__Activity__
Exactly the lines below from the line with "That means as" through the line with "What's going on" must make up the answer, both ends included and pictures left out.

__The data__
=== Begin Enclosure ===

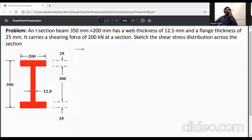An I-section beam has a web thickness of 12.5 mm and flange thickness of 25 mm. It carries a shear force of 200 kilonewtons at a section. We need to find the shear stress distribution across the section. This is a symmetrical I-section.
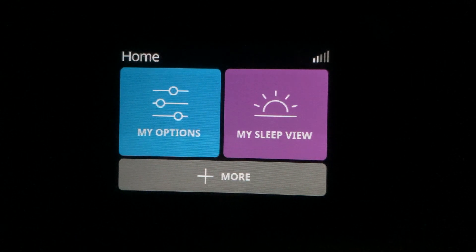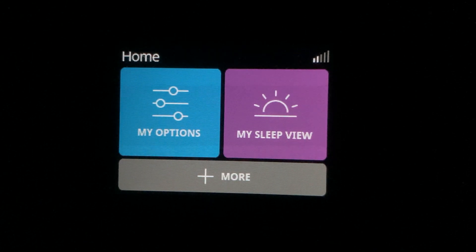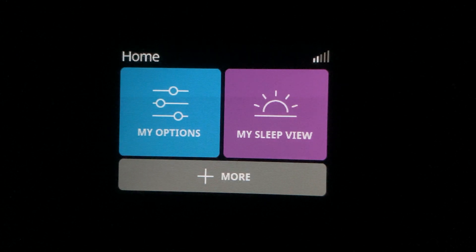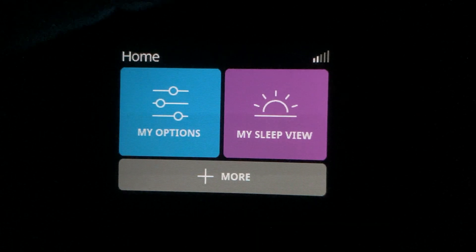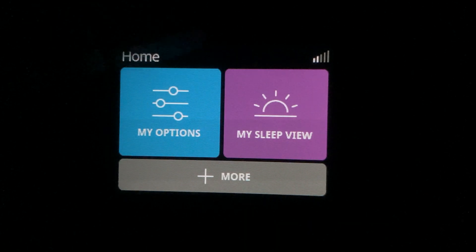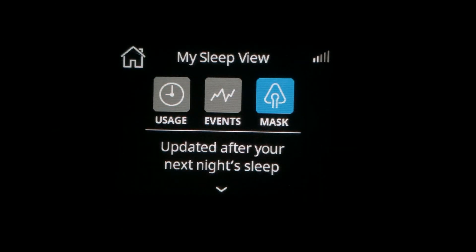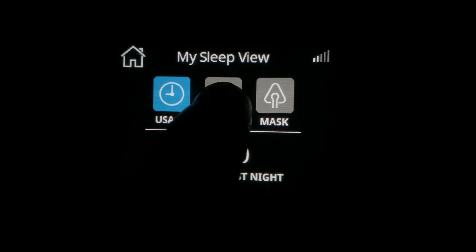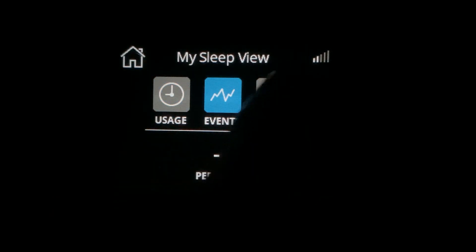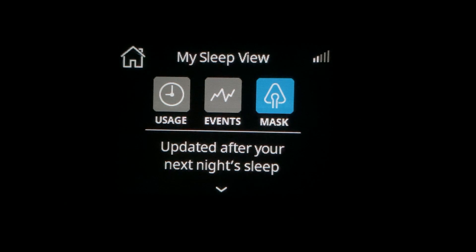In this video I would like to show you how to find your leak information on your machine. I'm going to find this by going into My Sleep View — there are three different options in My Sleep View. I'm going to choose the option for mask.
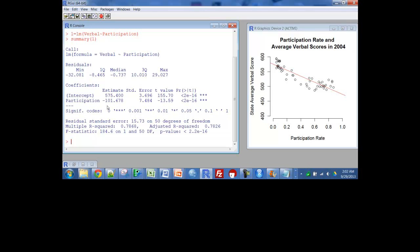That means as the participation goes up by 1, that really is from 0 to 1 or to 100%, your score goes down 101 points. So we started off around 575 if we were at 0, and then had we had full 100% participation, the score would have gone down by a little over 100 points.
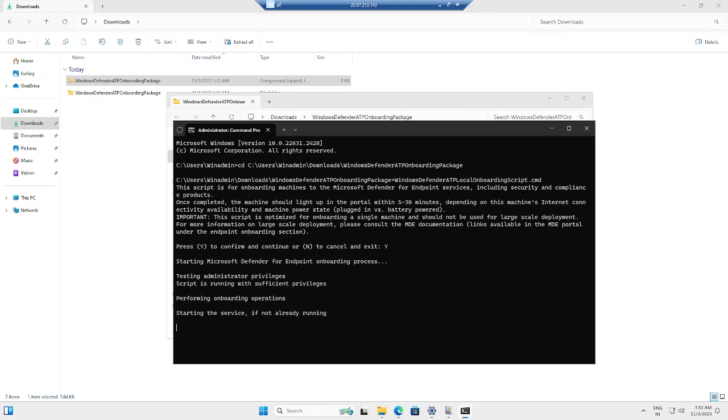It will take less than a minute to complete the onboarding process. Once it completes, we can go back to the Microsoft 365 Defender console and see whether our onboarding is successful.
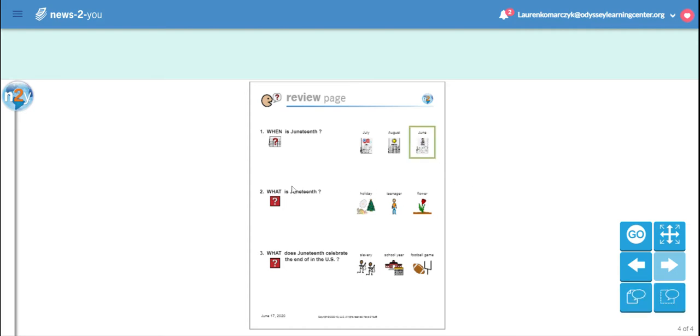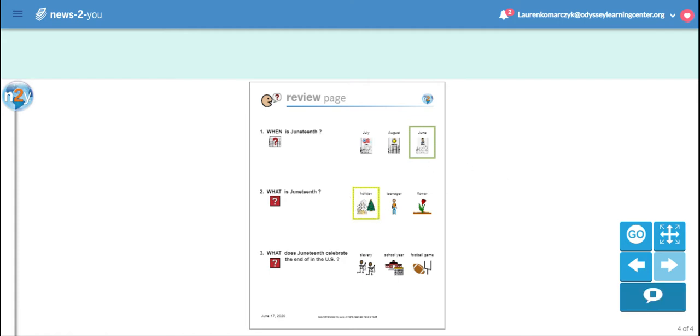What is Juneteenth? A holiday, a teenager, or a flower? A holiday. That's right. Holiday.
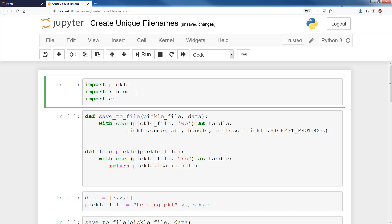What's going on guys? In this video we're going to be creating unique file names.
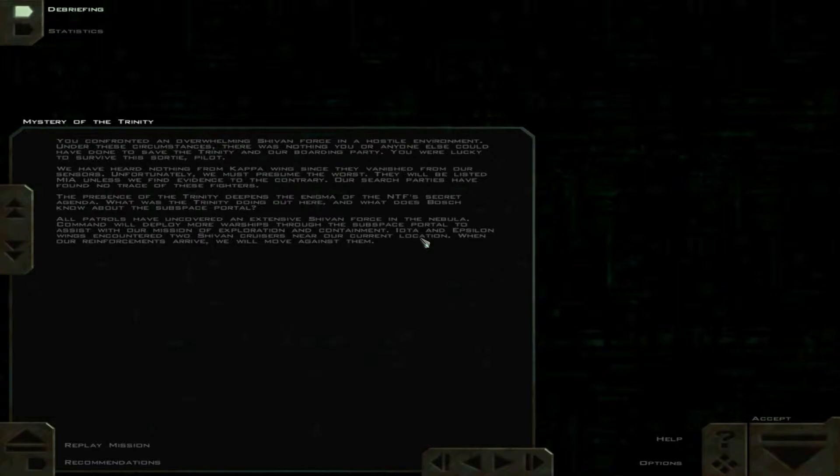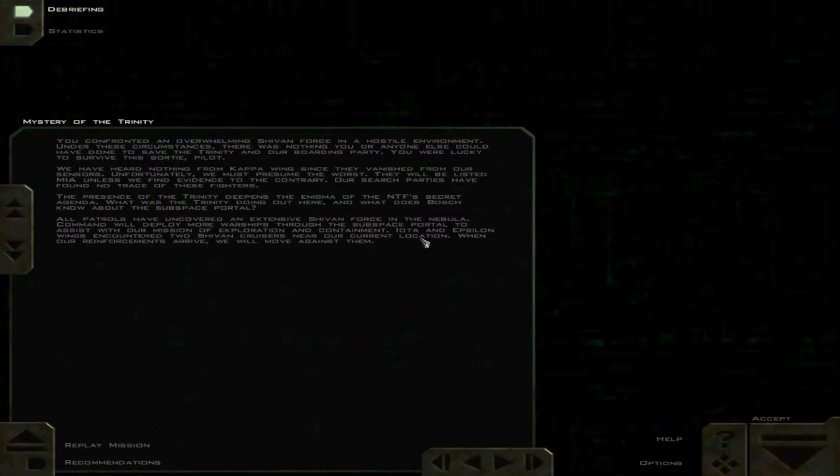All patrols have uncovered an extensive Shivan force in the nebula. Command will deploy more warships through the subspace portal to assist with our mission of exploration and containment.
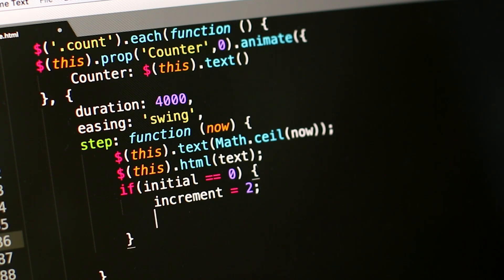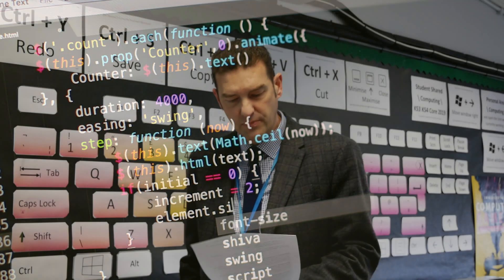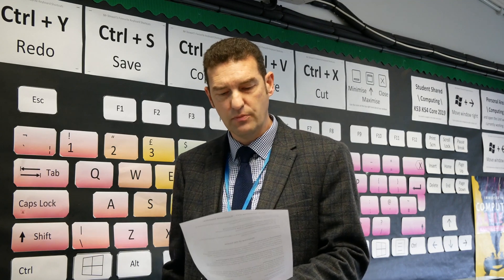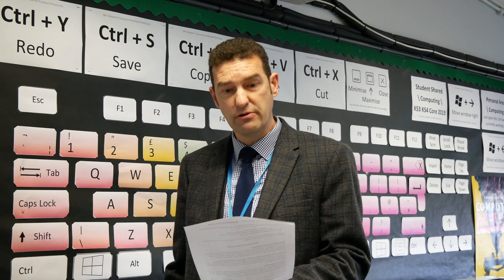The exam is split into two parts. Component one is one hour and 30 minutes and is worth 50% of the score. Calculators are not allowed in this component or in the second component. The second exam for component two, which is more focused around programming, is also one hour and 30 minutes.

=== End Enclosure ===

__Written solution__
That means as the participation goes up by 1, that really is from 0 to 1 or to 100%, your score goes down 101 points. So we started off around 575 if we were at 0, and then had we had full 100% participation, the score would have gone down by a little over 100 points.
It will take less than a minute to complete the onboarding process. Once it completes, we can go back to the Microsoft 365 Defender console and see whether our onboarding is successful.
What is Juneteenth? A holiday, a teenager, or a flower? A holiday. That's right. Holiday.
What's going on guys? In this video we're going to be creating unique file names.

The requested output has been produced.